◆ Work order ◆
Please reproduce the entries below exactly from the line holding "Visite guidée de Cambo-les-Bains" through the last line, both included, and omit any pictures.

◆ Records shown ◆
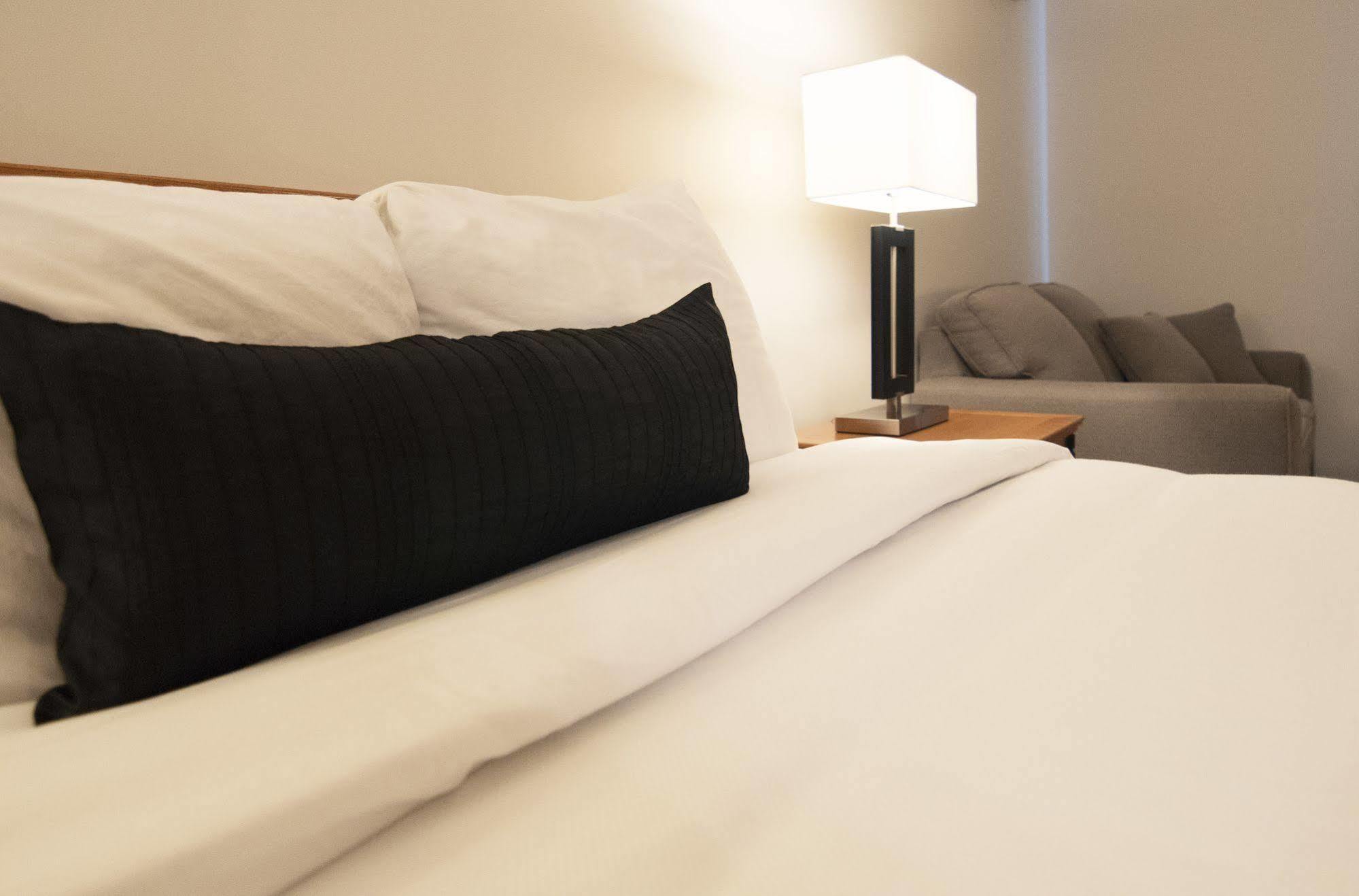 Hotel Le Voyageur Sept-Îles Eksteriør bilde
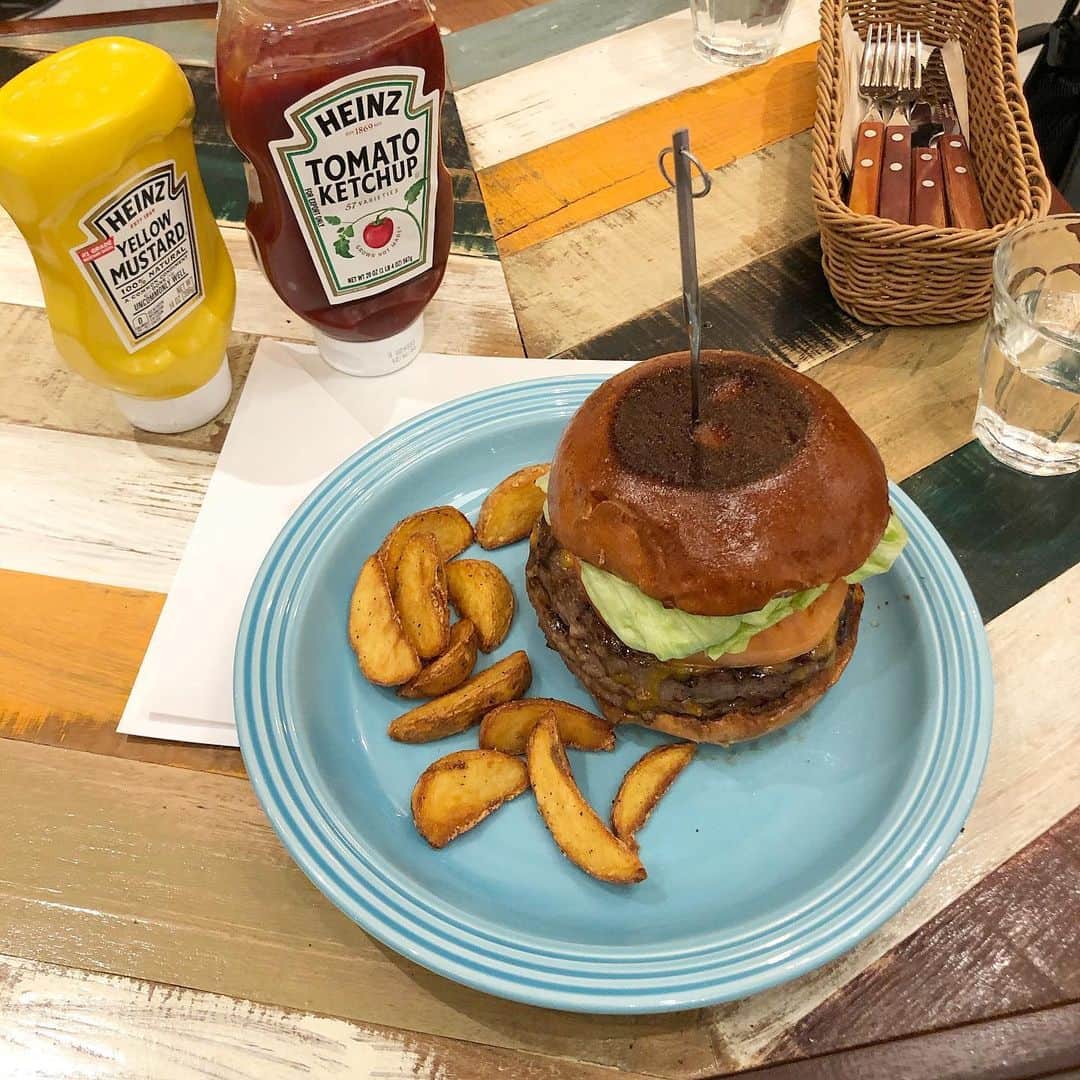 山本瑠香のインスタグラム：「ハンバーガーも美味しかったけど、 その横のポテトも美味しかった🍔🍟🤍  #allgoodburger #ハンバーガー #りんくう #りんくうビーチ #ロングパーク #泉南ロングパーク #泉南 #ランチ #大阪ランチ」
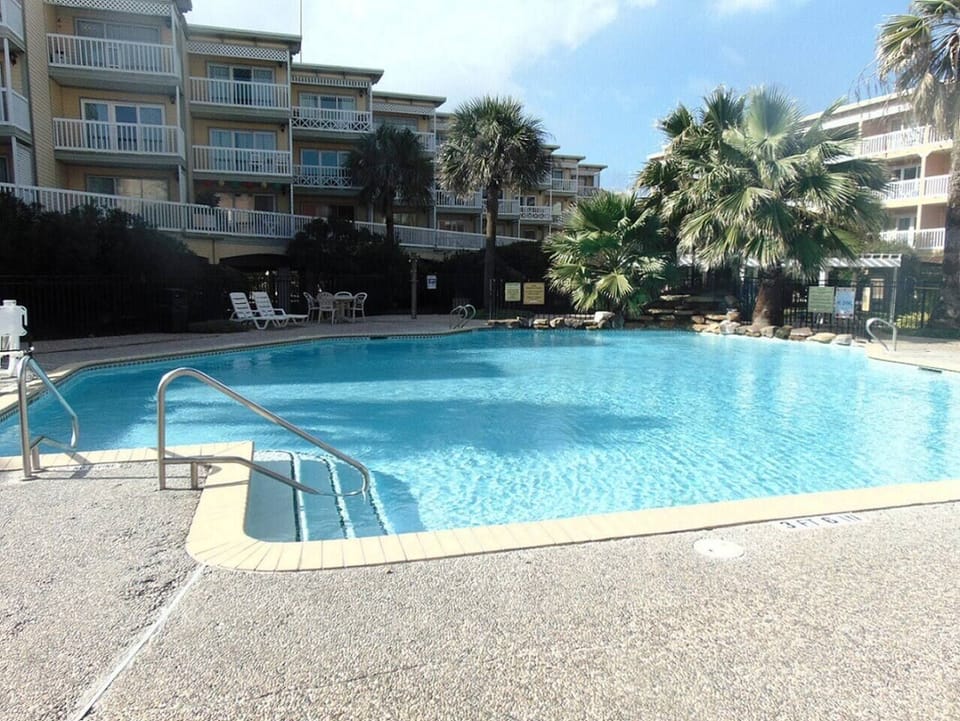 1 of 2 pools -both heated in off-season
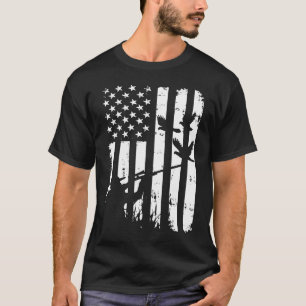 Cool Distressed Vintage USA Flag Dove Hunting T-Shirt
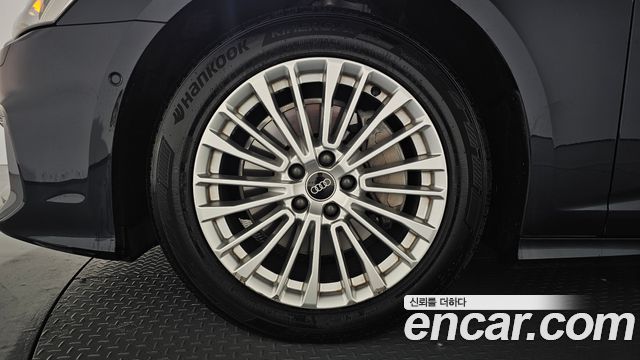 Audi A6 (C8) 45 TFSI Quattro Premium 2021 — фото 5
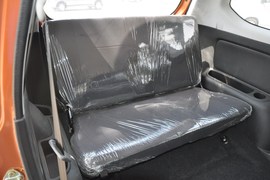 2011款一汽森雅S80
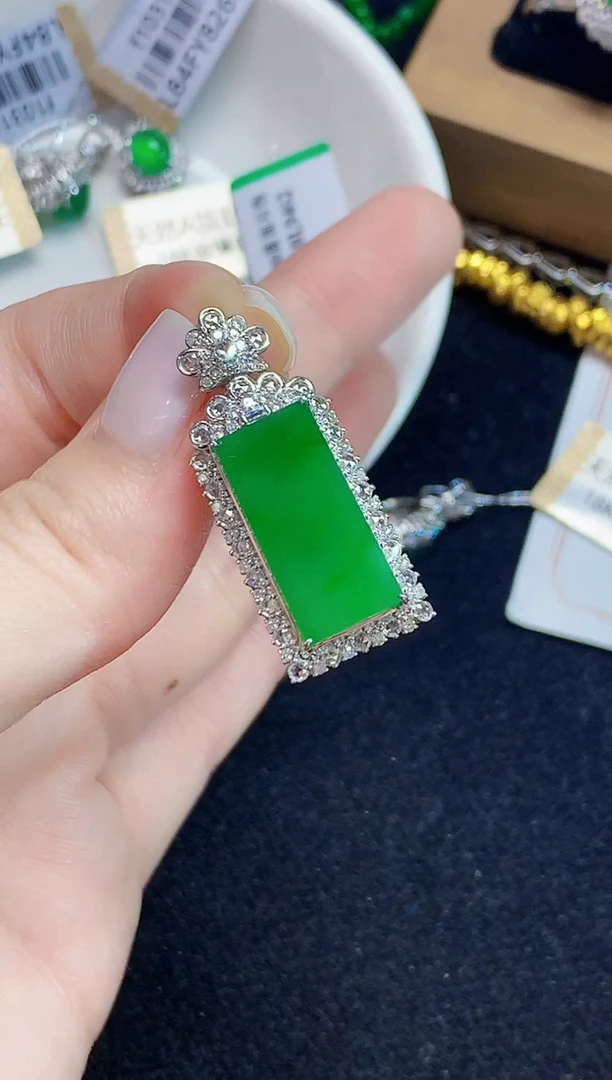 吊坠(不含链)18K金镶嵌翡翠多样性发其一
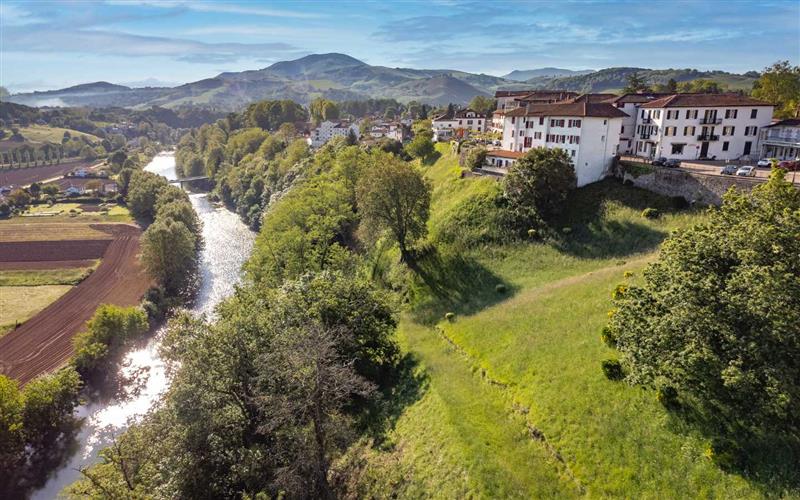 Visite guidée de Cambo-les-Bains 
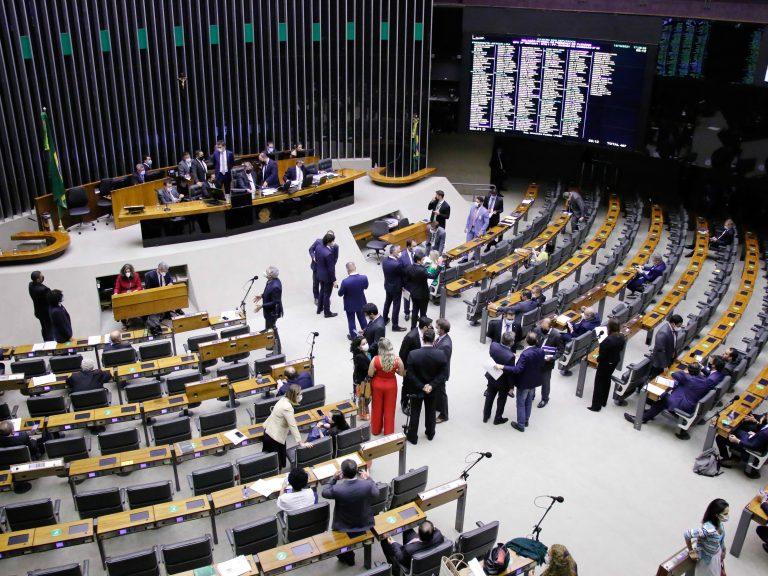 Câmara prossegue nesta quarta-feira votação de mudanças do Senado na PEC dos Precatórios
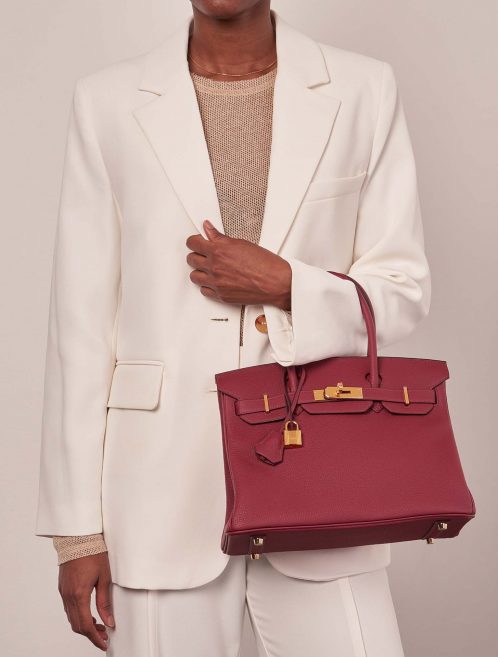 Hermès Birkin 30 RougeGrenat Tailles Porté | Vendez votre sac de créateur sur Saclab.com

◆ Answer section ◆
 Visite guidée de Cambo-les-Bains 
 Câmara prossegue nesta quarta-feira votação de mudanças do Senado na PEC dos Precatórios
 Hermès Birkin 30 RougeGrenat Tailles Porté | Vendez votre sac de créateur sur Saclab.com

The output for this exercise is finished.